Beginning with the line that contains "Skip Hop - Brinquedo", reproduce every line through the end of the records below exactly, and leave the pictures out.
------------------------------------
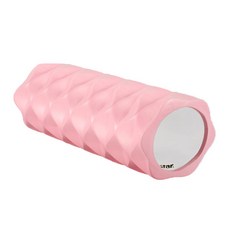 Lenwave 新款瑜伽泡沫滾軸, 粉色的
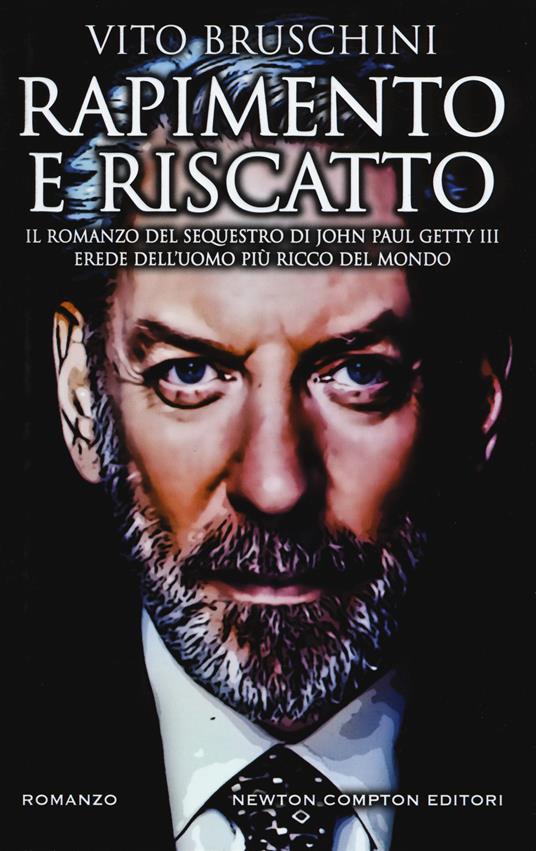 Rapimento e riscatto - Vito Bruschini - copertina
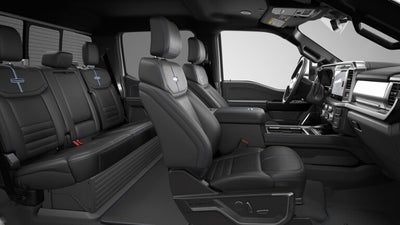 2026 Ford Super Duty F-350® Platinum®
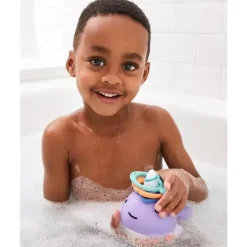 Skip Hop - Brinquedo de banho para bebê Zoo Narwhal Ring Toss Discount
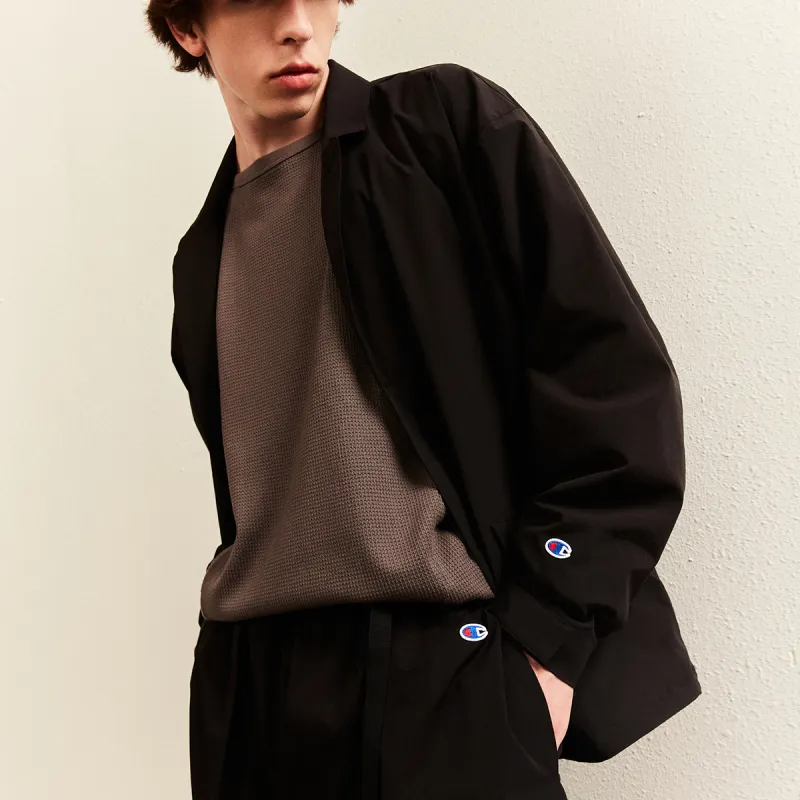 Champion SS22 Loose Fit Thin Jacket Japan Version Unisex-6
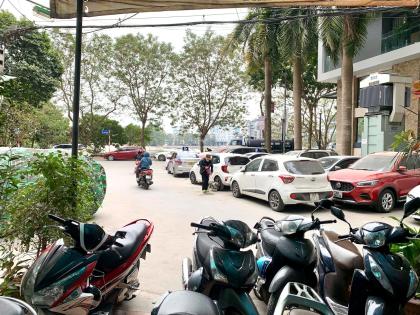 Bán Nhà VIEW Hồ Ba Mẫu Quận Đống Đa 80m2-6T Lô Góc 2 Thoáng 43,5 Tỷ Hồ Ba Mẫu.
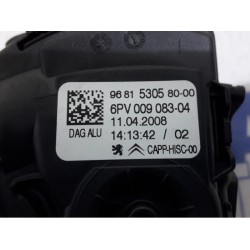 Peugeot - 207 - Gaspedaalpositie Sensor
------------------------------------
» **Your response**
 Skip Hop - Brinquedo de banho para bebê Zoo Narwhal Ring Toss Discount
 Champion SS22 Loose Fit Thin Jacket Japan Version Unisex-6
 Bán Nhà VIEW Hồ Ba Mẫu Quận Đống Đa 80m2-6T Lô Góc 2 Thoáng 43,5 Tỷ Hồ Ba Mẫu.
 Peugeot - 207 - Gaspedaalpositie Sensor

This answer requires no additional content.